Çünkü bunu öğretecek imkân bile yok Irak’ta. Böyle kişilerin
terörle ne işi olabilir? Bir kere benim onları teröre bulaştırmak
için hem bir ideolojim olmalı hem de askeri eğitim verecek durumum.
Sabahın köründen gece 02.00’ye çalışan cumhurbaşkanı yardımcısıyım.
Bu işlere nasıl zaman bulacağım? Düşünsenize üç kardeşim
katledilmiş yine de intikam peşinde koşmamışım, teröre
bulaşmamışım, şimdi bu konumdayken mi bulaşacağım? Kardeşlerimi
öldürdüklerinde gönderdikleri mesaj son derece açıktı:
“Siyaseti bırakacaksın ve ülkeden
ayrılacaksın.”
Kim gönderdi bu mesajı?
- Belirlemek kolay değil ama tahmin ediyorum ki İran yanlısı siyasi
partilerdi, milisleri olan siyasi hareketlerdi. “Ülkeyi
terk etmezsen bir kardeşini daha öldüreceğiz.” Bu mesajı
kız kardeşimle gönderdiler. İki gün sonra onu da öldürdüler.
Nasıl?
- Onu bir polis vurdu. Sokak ortasında otomobilini 20 polis memuru
birden çevreledi. Daha sonra video kaydını da seyrettim.
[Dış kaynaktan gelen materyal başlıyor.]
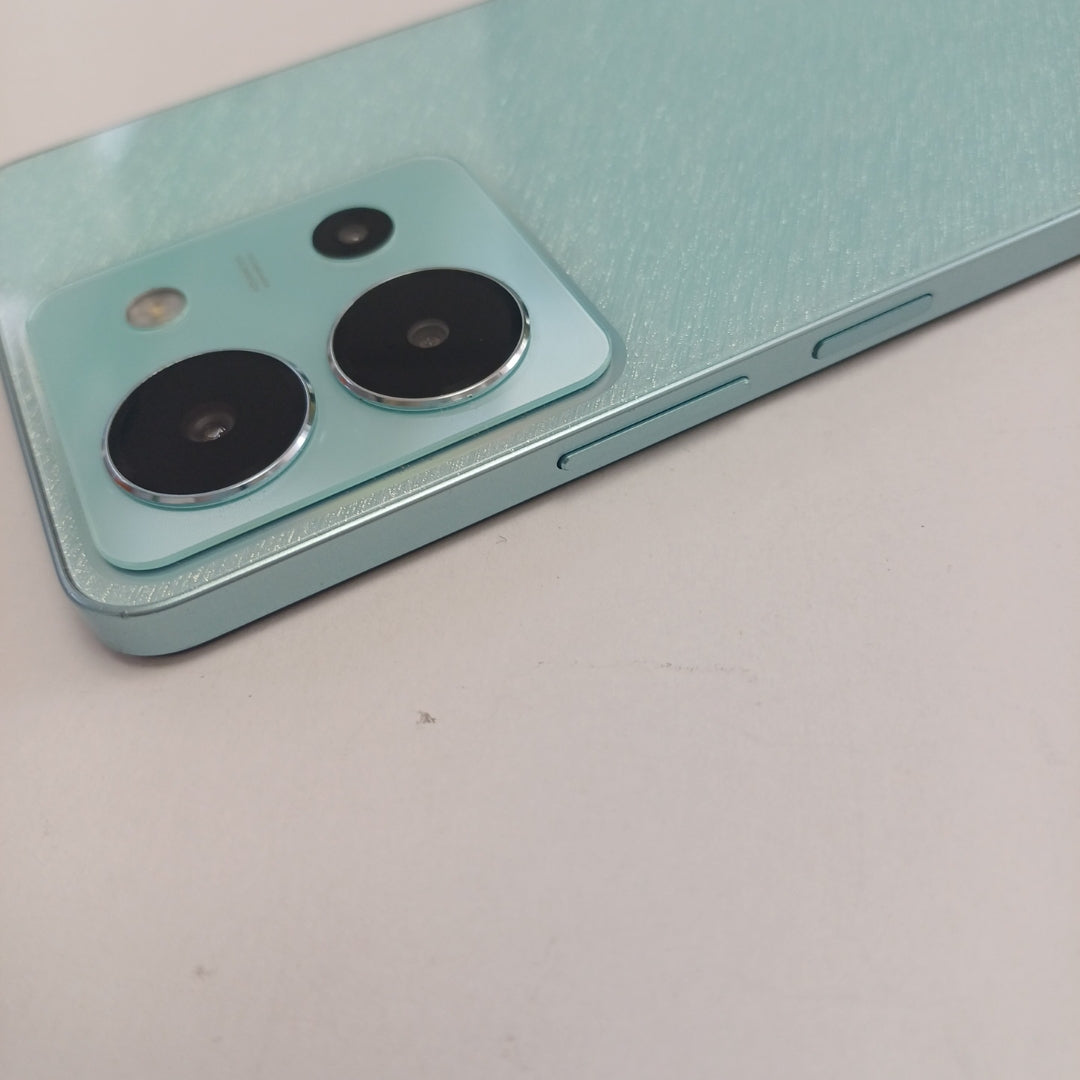 CELULAR VIVO Y36 V2247 256 GB 8 GB RAM (SEMINUEVO)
Polislerden biri telsizle onları gönderen kişiye soruyor:
“Sadece kadın var, vuralım mı?” Yanıt geliyor
“Evet” diye.
Onların Irak merkezi hükümetinin polisi olduğundan
şüpheniz yok mu?
- Elbette yok, El Maliki tarafından yönetilen güvenlik güçleri...
Ama resmi soruşturma dışında bu konuda kişisel bir girişimde
bulunmadım. Sonra üzerine üst düzey bir komutan olan kardeşim de
bir ramazan sabahı 07.15’te evinde özel kuvvetler mensupları
tarafından herkesin gözü önünde öldürüldü. Azmettireni biliyorum
ama buna karşın tolere ettim.
Nasıl tolere edebildiniz bunları?
- Öncelikle bir Müslümanım, Allah’a inanıyorum. Bütün bunları
yapanlar cezasını çekse bile ben kesinlikle affetmeyeceğim. Çünkü
hiçbir ceza kaybettiğim yakınlarımı geri getirmeyecek. Bir bedel
ödedim, işte bu kadar! Ama intikam için yaşayan biri değilim.
Allah’a havale ettim.
Ailenizden bu kadar insanı siyasete kurban vermişsiniz,
çocuklarımın da başına bir şey gelir mi diye tedirgin değil
misiniz?
- Allah’a şükür Türkiye hayatımı normalleşmesi için bütün koşulları
sağladı. Eşim yanımda, istediğim zaman ailemin diğer fertleriyle
iletişim kurabiliyorum, gelip beni ziyaret edebiliyorlar. Kızlarım
daha iki gün öncesine kadar buradaydı. Ramazan Bayramı’nı Katar’da
geçirdim. Elbette ki bu hayatın getirdiklerine riayet etmek
durumundayım. Ama hiç önemli değil çünkü kendi kişisel geleceğimi
değil ülkemin geleceğini düşünüyorum şu an. Kendimi buna
adadım.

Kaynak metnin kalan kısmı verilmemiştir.